I’m collecting two different measures of loss and propagating both of them to a single network. During the loss.backward() to the generator, I get this error about an invalid gradient at index 0.
Here is the code block:
for epoch in range(num_epochs):
for batch_idx, (real, labels) in enumerate(loader):
#get a fixed input batch to display gen output
if batch_idx == 0:
if epoch == 0:
fixed_input = real.view(-1,784).to(device)
adv_ex = real.clone().reshape(-1,784).to(device) # [32, 784] advex copy of first batch flattened
real = real.view(-1, 784).to(device) # [32, 784] # real batch flattened
labels = labels.to(device) # size() [32] 32 labels in batch
#purturb each image in adv_ex
tmp_adv_ex = []
for idx, item in enumerate(adv_ex):
purturbation = gen(adv_ex[idx])
tmp_adv_ex.append(adv_ex[idx] + purturbation)
adv_ex = torch.cat(tmp_adv_ex, dim=0)
### Train Generator: min log(1 - D(G(z))) <-> max log(D(G(z))
output = disc(adv_ex).view(-1)
lossG = torch.mean(torch.log(1. - output)) #get loss for gen's desired desc pred
adv_ex = adv_ex.reshape(-1,1,28,28)
f_pred = target(adv_ex)
f_loss = CE_loss(f_pred, labels) #add loss for gens desired f pred
loss_G_Final = f_loss+lossG
opt_gen.zero_grad()
loss_G_Final.backward() #THIS IS THE ERROR SOURCE
opt_gen.step()
### Train Discriminator: max log(D(x)) + log(1 - D(G(z)))
adv_ex = adv_ex.reshape(32, 784)
disc_real = disc(real).view(-1)
disc_fake = disc(adv_ex).view(-1)
lossD = -torch.mean(torch.log(disc(real)) + torch.log(1. - disc(adv_ex)))
opt_disc.zero_grad()
lossD.backward(retain_graph=True)
opt_disc.step()
and this is the exact error code:
---------------------------------------------------------------------------
RuntimeError Traceback (most recent call last)
/tmp/ipykernel_31570/4032279268.py in <module>
30
31 opt_gen.zero_grad()
---> 32 loss_G_Final.backward()
33 opt_gen.step()
34
~/.conda/envs/mypytorch19/lib/python3.9/site-packages/torch/_tensor.py in backward(self, gradient, retain_graph, create_graph, inputs)

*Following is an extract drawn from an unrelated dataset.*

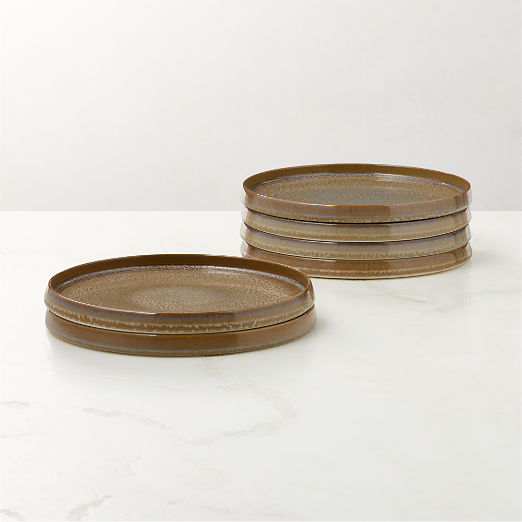 Prado Tan Dinner Plates With Reactive Glaze Set of 6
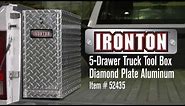 Ironton 5-Drawer Truck Tool Box Diamond Plate Aluminum 21in.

253 create_graph=create_graph,
254 inputs=inputs)
--> 255 torch.autograd.backward(self, gradient, retain_graph, create_graph, inputs=inputs)
256
257 def register_hook(self, hook):
~/.conda/envs/mypytorch19/lib/python3.9/site-packages/torch/autograd/__init__.py in backward(tensors, grad_tensors, retain_graph, create_graph, grad_variables, inputs)
145 retain_graph = create_graph
146
--> 147 Variable._execution_engine.run_backward(
148 tensors, grad_tensors_, retain_graph, create_graph, inputs,
149 allow_unreachable=True, accumulate_grad=True) # allow_unreachable flag
RuntimeError: Function MmBackward returned an invalid gradient at index 0 - got [1, 784] but expected shape compatible with [1, 25088]
How can I interpret and solve this error?
Thanks!